Look for stalwart host Chris Harrison to be standing solo in the driveway of the "Bachelor mansion," a place that's seen more coming and going than a popular Airbnb. He and his crew will be practicing safe social distancing, so look for plenty of old clips and Zoomlike remote calls with some of your favorites, sweethearts and heavies, schemers, dreamers and might-have-beens. One of the most consistent things about showcases like this is that if you make an impression on viewers, you will probably be invited back for another season. Only this time, the returns will be virtual.


• Dwayne Johnson hosts "The Titan Games" (8 p.m., NBC, TV-PG).

• Waves leave disaster in their wake on "9-1-1" (8 p.m., Fox, r, TV-14).

• A case inspires Lola to explore the virtual world on "All Rise" (9 p.m., CBS, r, TV-14).

• A brawl lays bare a male strip club's underworld on "9-1-1: Lone Star" (8 p.m., Fox, r, TV-14).
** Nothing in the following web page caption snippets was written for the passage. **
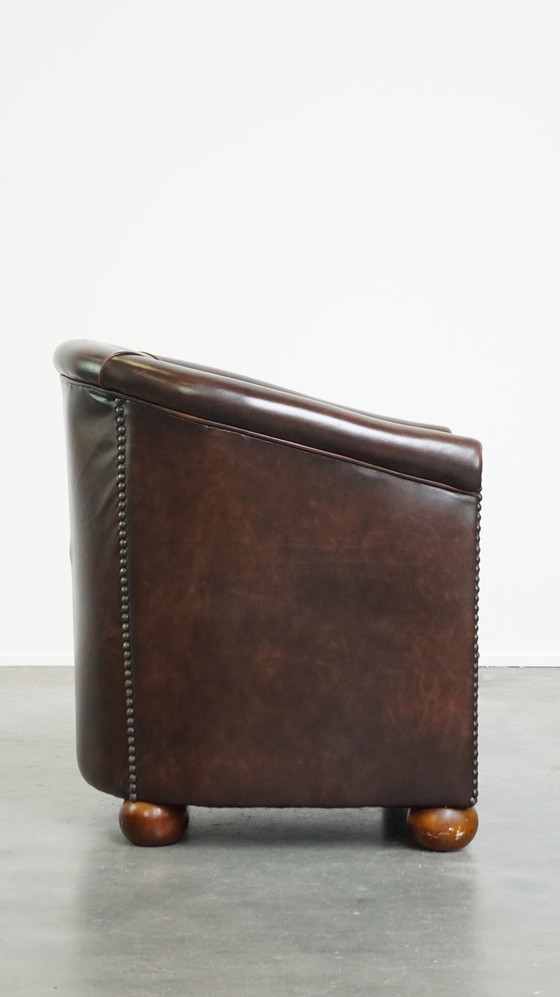 Image 1 of Beef Leather Club Chair With Spherical Legs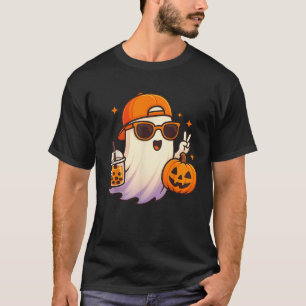 Kawaii Ghost Drinking Pumpkin Boba Tea Cute Ghost  T-Shirt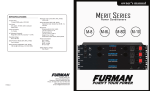 Furman Sound PL-PRO DE II User's Manual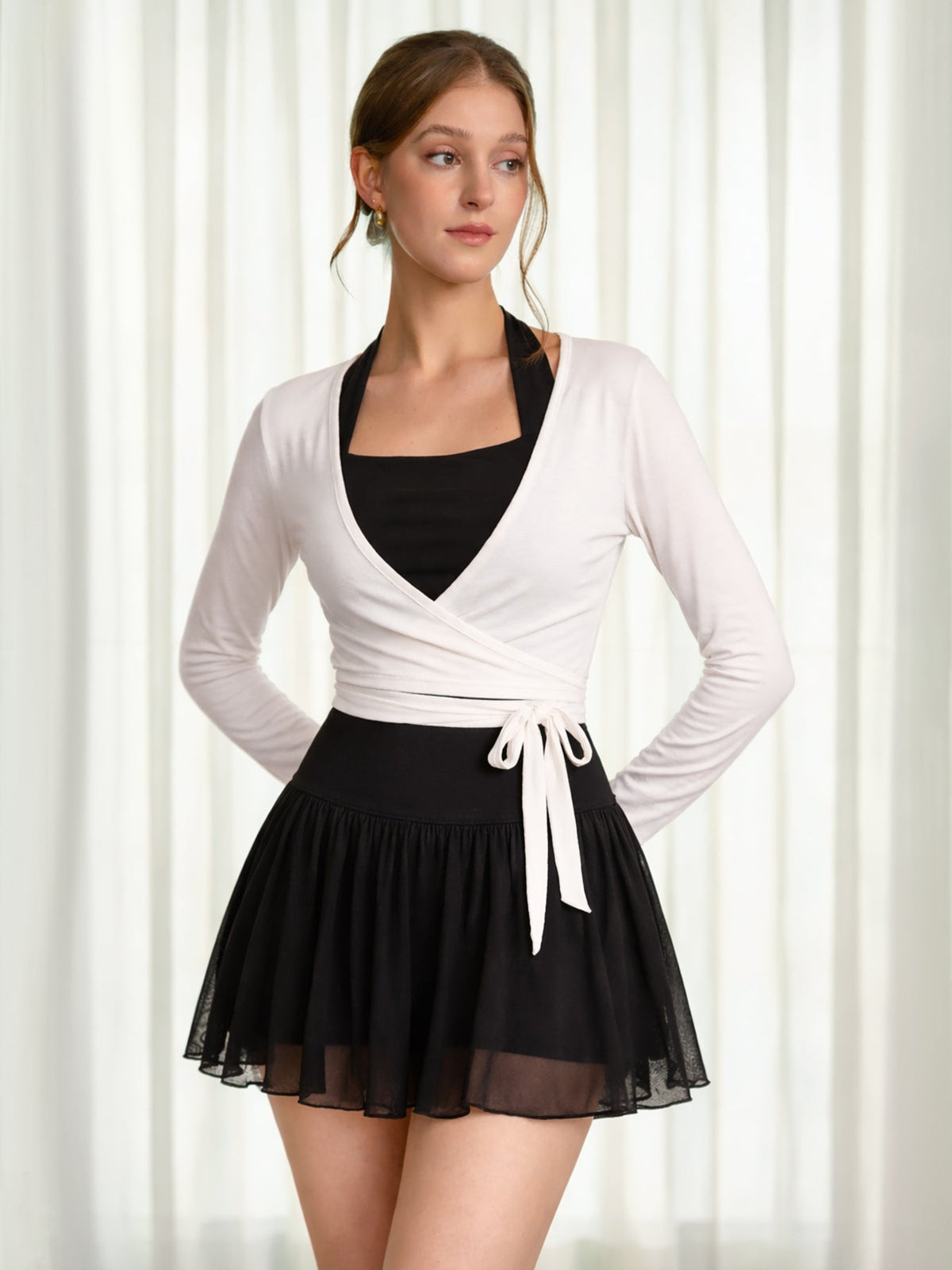 White Tie Waist Yoga Wrap Top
Former vice president and presumptive Democratic Party presidential nominee Joe Biden is booked on "The Late Show With Stephen Colbert" (11:35 p.m., CBS, r) ... Jimmy Fallon welcomes John Oliver, Spike Lee and Benee featuring Gus Dapperton on "The Tonight Show" (11:35 p.m., NBC) ... JJ Watt visits "Late Night With Seth Meyers" (12:35 a.m., NBC).